Речь его перед отъездом в Петербург, где он хочет бить челом по делу, в котором он пусть и «сторона», но ясно из речи и из всего происходящего (материалов для этого достаточно), что тема его «личной челобитной» та же, что тема прощальной речи, – гибель России, но не от иностранцев, нет – от собственных недостойных своей великолепной родины и бесчестных сынов… Все это, действительно, и по сей день «нам темно представляется и мы едва»…
Что «едва»? Конечно, «продолжать» здесь и говорить «за Гоголя» было бы так же глупо, как предлагать премии (25 тыс. долларов) за окончание неоконченной дивной симфонии Шуберта, – пошлость, на которую способны только за океаном…
Как горестно, в полном разливе сил и возможностей, замирает в наших сердцах это «едва» – словно разверзлась бездна, чтобы похитить у нас одно из величайших творений, если только не самое великое. Пушкин убит, и притом дважды – «правым» светским хлыщом, глупым, как его собственные сапоги; и левым – дураком Писаревым, пришедшим в подмогу к Белинскому. Лермонтов убит на 27-м году жизни такой же светской мразью.
А под Гоголем словно расселась потревоженная им адская бездна, которую он слишком уж изобличил и понял.
Но тут на подмогу пришел Достоевский – такой же несравненный демонолог и юморист, как и Гоголь. Позже пришел и Лесков. Все они, как и полагается, получили свою порцию «всячины» – очевидно, за то, что каждый по-своему договаривал и продолжал горестно замерзшее «и мы едва»…
Говорить об этом по-своему, а не продолжать непродолжаемое творение можно было бы и нужно было бы без конца. Ибо «и самому мню миру не вместить пишемых книг»…

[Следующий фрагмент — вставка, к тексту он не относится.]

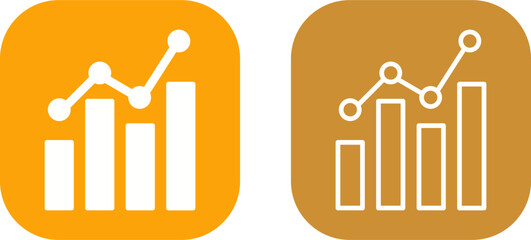 Obraz premium Performance Vector Icon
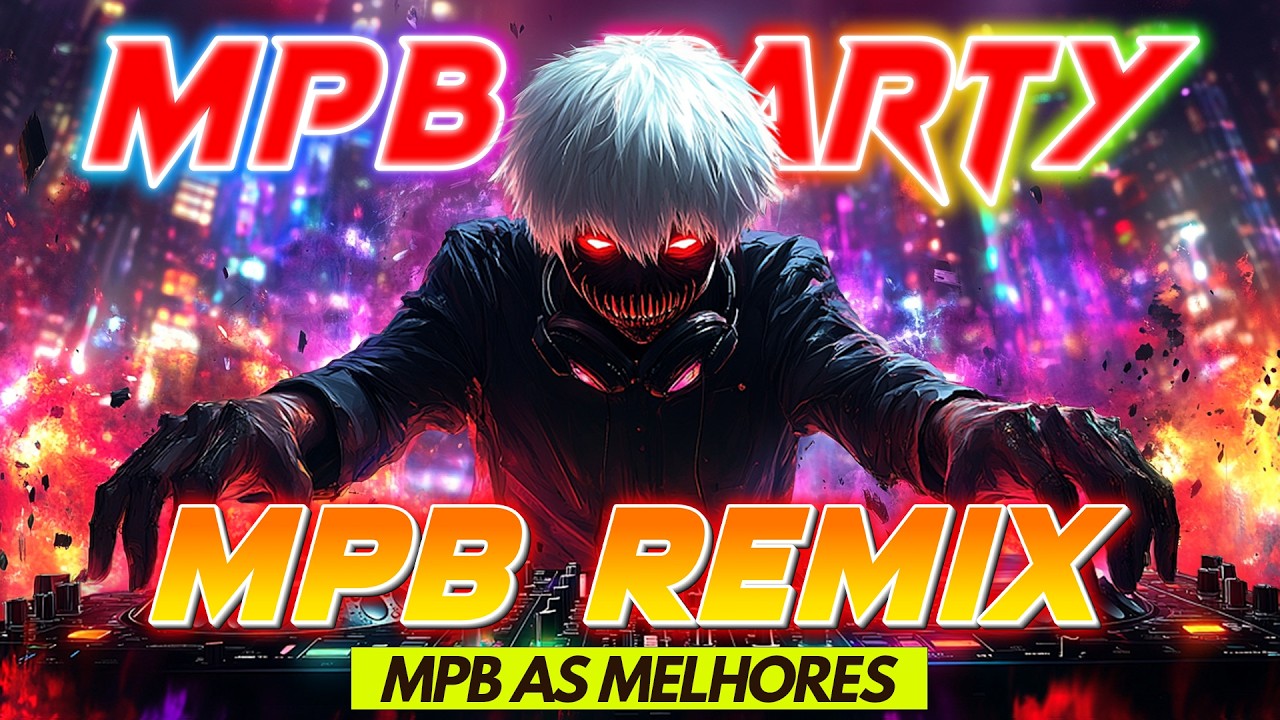 Melhores MPB Remix 2026 💥 BRAZILIAN HOUSE x EDM DJ Mix 💥 MPB Clássicos Remixados 2026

Итак, «Мертвые души» «не удались», но это была такая же неудача, как и всего того, для чего нет финала в земной временной жизни. В известном смысле ведь «не удалась» и жизнь Господа Иисуса Христа, и на эту тему замечательную проповедь сказал, у святой Плащаницы, отец Сергий Булгаков, призывая склониться у кровавого гроба нашего Спасителя и Друга всех, кто чувствовал свою жизнь разбитой и неудавшейся. Ведь во главе всех подлинных поэтов, то есть пророков, стоит проливший Свою праведную кровь во искупление многих воплощенный Логос. А не разбитой и удавшейся бывает жизнь только пошляков, негодяев и бездарностей.